The metadata Asclepius will add to objects is defined in a YAML configuration file using the following syntax.
"[pattern]":
- attribute: [string]
value: [string]
unit: [string]
- infer: ['variant','sequence']
mapping:
[string]: [string]
[pattern]
can either be a bash-style glob string (ie, *.txt
) or a regular expression. A pattern is treated as a regular expression when it is surrounded by forward slashes (ie, /.*\.(b|cr)am$/
).
The unit
field is optional.
The infer
field is used to automatically extract metadata from variant and sequence file headers. The mapping
list is used to map entries in the header to strings AVU attribute strings. The left string is the attribute name added to the iRODS object. The right string is used to refer to a field in the desired file's header.

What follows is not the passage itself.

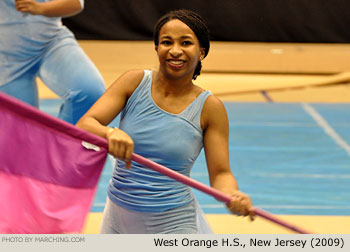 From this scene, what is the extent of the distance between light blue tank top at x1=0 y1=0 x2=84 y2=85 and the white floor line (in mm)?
3009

For example, let's say you have a VCF file with the following lines in the header:
##fileformat=VCFv4.2
##FORMAT=<ID=AB, Number=1, Type=Integer, Description="Something or other">
##FORMAT=<ID=YZ, Number=2, Type=Integer, Description="Something else">
To add AVUS (FORMAT=AB, ID=AB; Number=1; Type=Integer; Description="Something or other")
and (fileformat, VCFv4.2)
to files ending in 0.vcf
, your configuration would be:
"*0.vcf":
- infer: variant
mapping:
"FORMAT=AB": FORMAT.AB
"fileformat": fileformat
To run the included tests just run python3 -m unittest
in the root directory of the project.